The Lost Boys was one of Bernhard’s last big films and became an immediate 1980s cult classic. It was directed by Joel Schumacher, and written by Jeffrey Boam with an all-star cast of Kiefer Sutherland, the Coreys (Haim and Feldman), Jason Patric, Jamie Gertz and Diane West. The movie is in reference to The Lost Boys by J.M, Barrie about Peter Pan and Neverland and was filmed in Santa Cruz, California, on the boardwalk and surrounding Santa Cruz Mountains.

The film is about a new family moving to a California town and intermingled with a biker gang. The gang turns out to be vampires, led by David Powers (Sutherland). They invite Michael Emerson to not only join their gang but to become a vampire, although not exactly the kindest invite to vampirish, nonetheless, Michael goes against Powers.
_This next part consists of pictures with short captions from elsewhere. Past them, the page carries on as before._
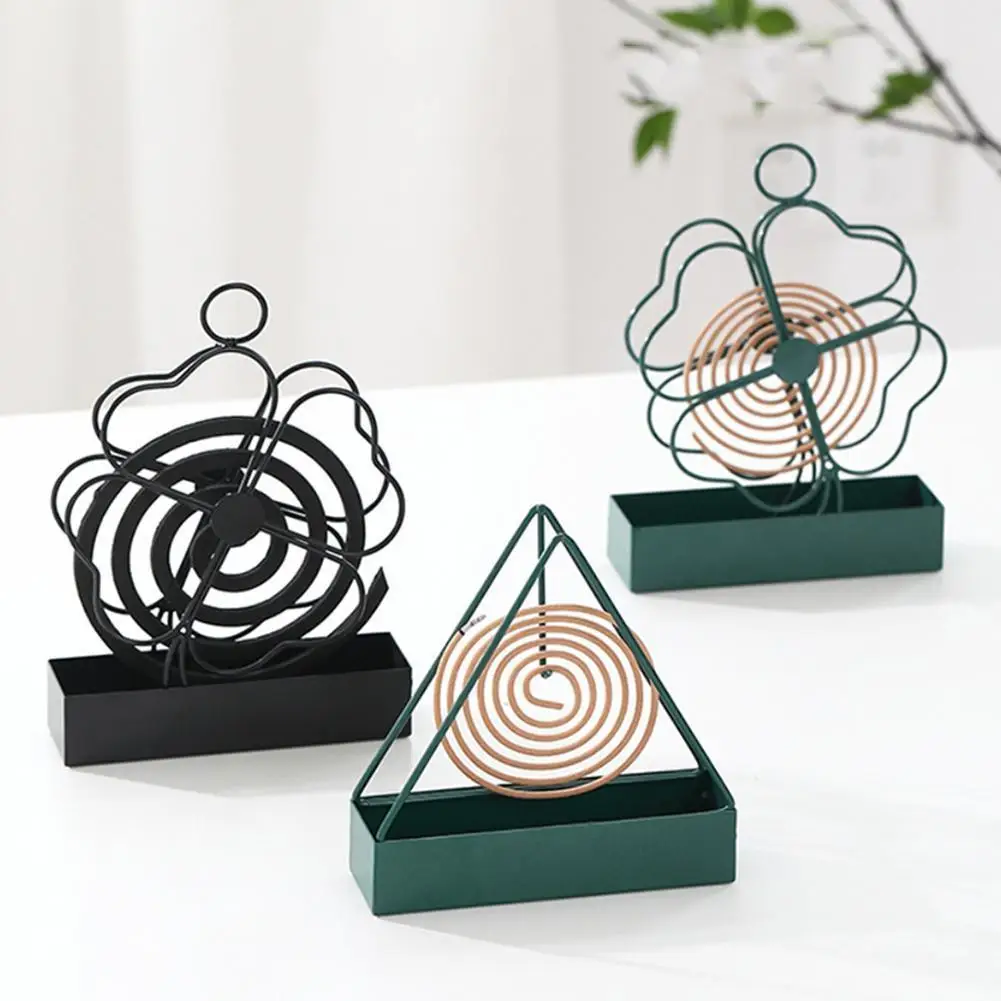 

Nordic Mosquito Coils Holder Summer Anti Mosquito Wrought Iron Fireproof Four Leaf Clover Shape Insect Repellent Storage Rack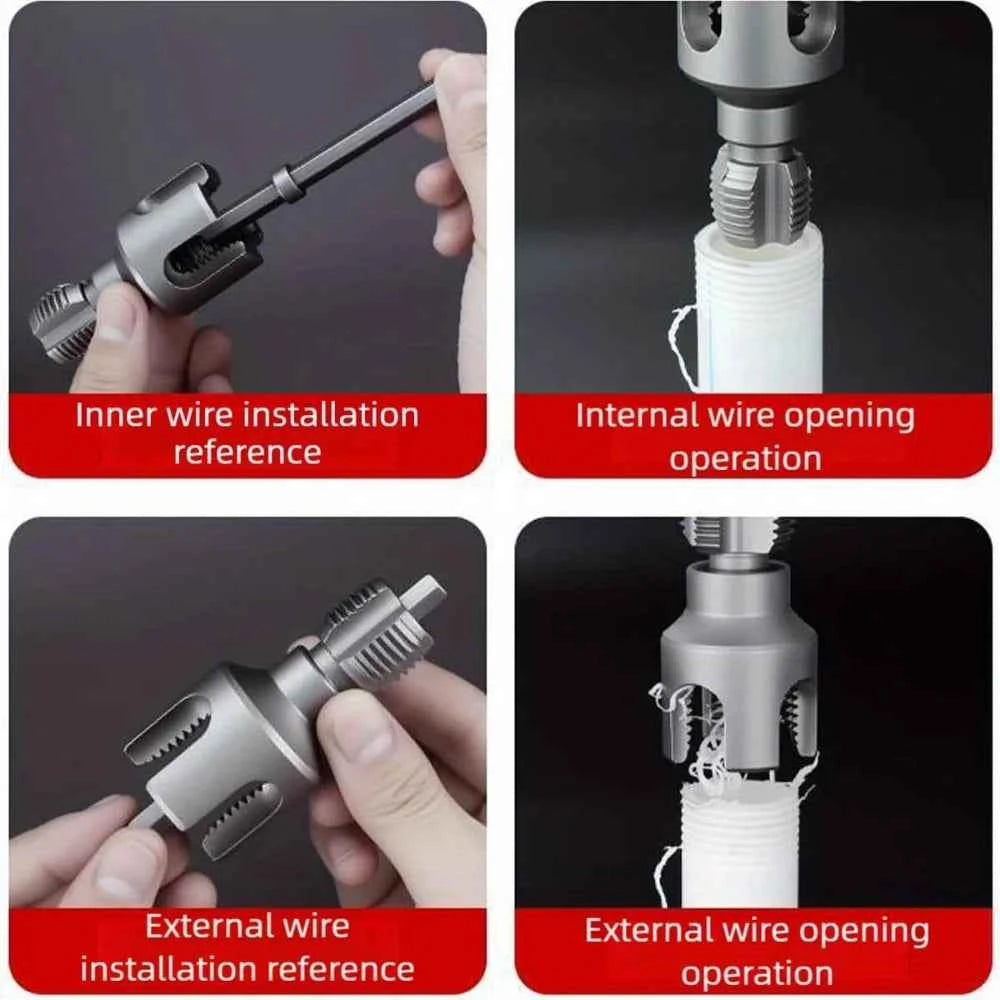 Professional Hex Shank Pipe Threading Tool | Internal & External Die Set for 1/2", 3/4" & 1" Pipes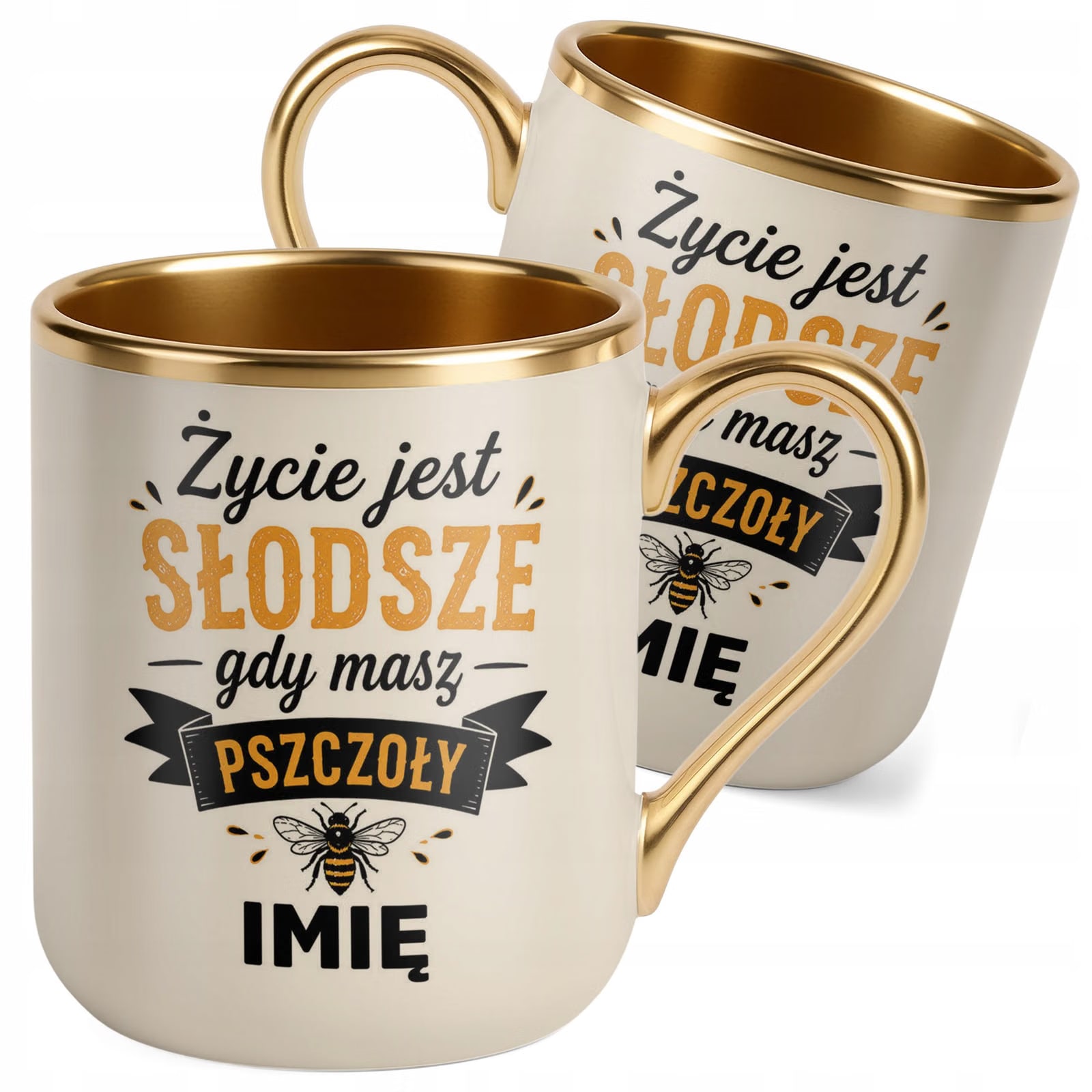 Kubek Personalizowany z nadrukiem Premium Złoty Ecru Dla Pszczelarza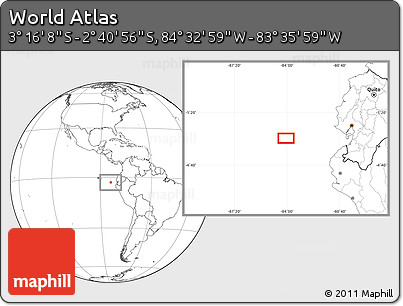 Blank Location Map of the Area around 2° 58' 32" S, 84° 4' 29" W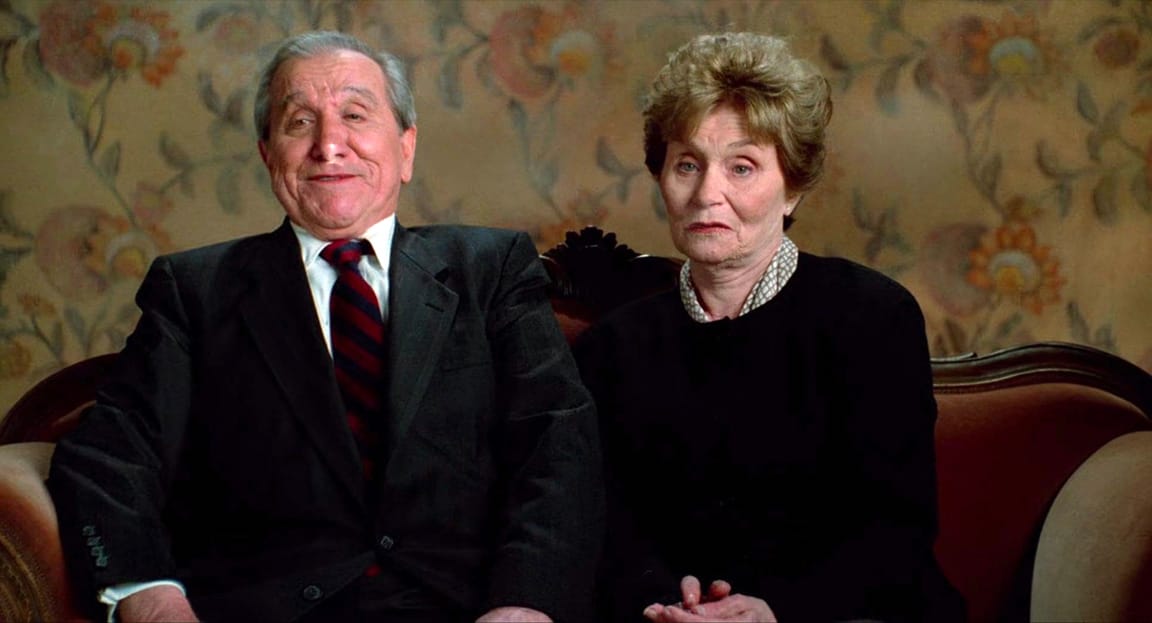 "I couldn't take my eyes off of her." One of the couples describing their relationship, seated on the chocolate-brown loveseat, in 'When Harry Met Sally…'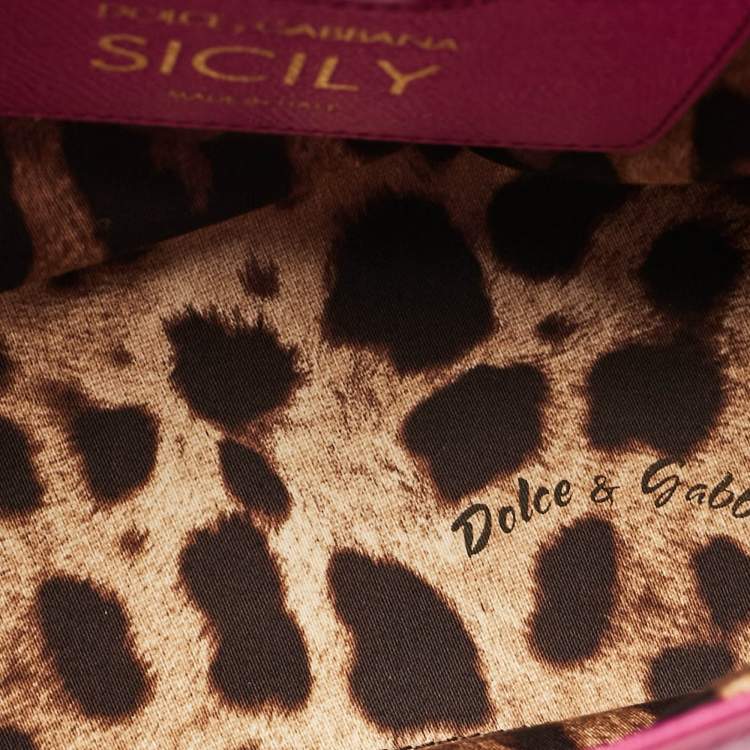 Pre Owned Dolce & Gabbana Pink Leather Medium Oops Patch Miss Sicily Top Handle Bag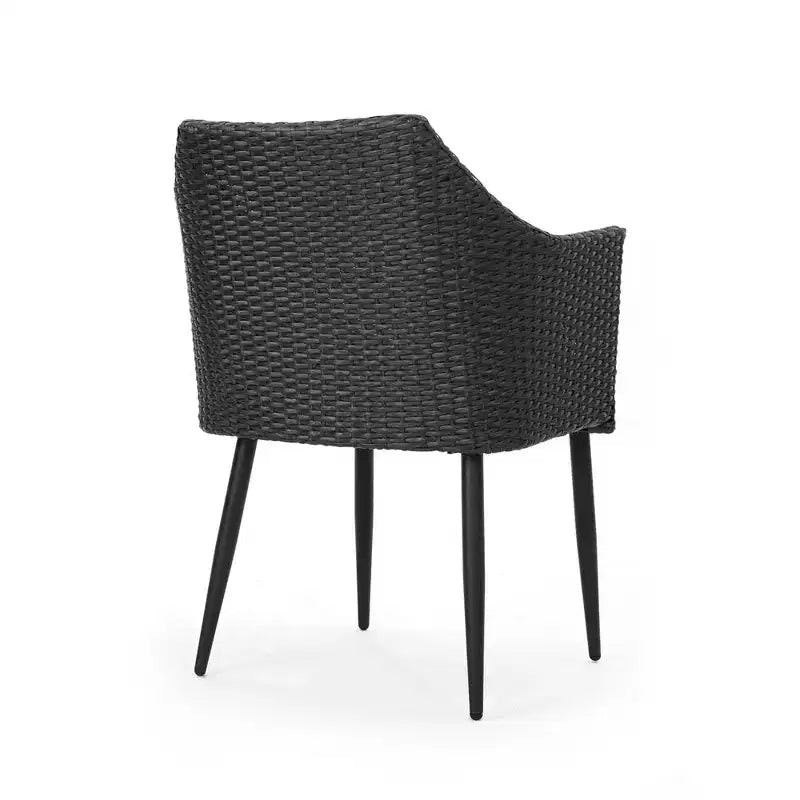 Lot de 2 chaises de salle à manger d'extérieur pour patio, chaises en rotin PE tout temps, chaises de salle à manger en osier avec structure en fer et coussin en tissu imperméable, accoudoirs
We find conflict, camaraderie and great special effects in this 80s classic. It made a good return on its investment with $32.2M on a budget of $8.5M. It spawned a couple of sequels, none equaling the greatness of the original.

4. Ladyhawke

One of Bernhard’s lesser-known collaborations with Donner, Ladyhawke, is a medieval fantasy film that stars Matthew Broderick, Rutger Hauer and Michelle Pfeiffer. It was written by four screenwriters, including Tom Mankiewicz of the famous Hollywood family of writers and directors, which includes Citizen Kane. The film follows a young thief who becomes involved with a warrior and his woman. They are pursued by the Bishop of Aquila.

Gaston, also known as The Mouse, joins Etienne and Isabeau of Anjou as they attempt to escape from the Bishop of Aquila. The film met with below-average box office success but did garner two Academy Award nominations for Best Sound and Best Sound Effects Editing.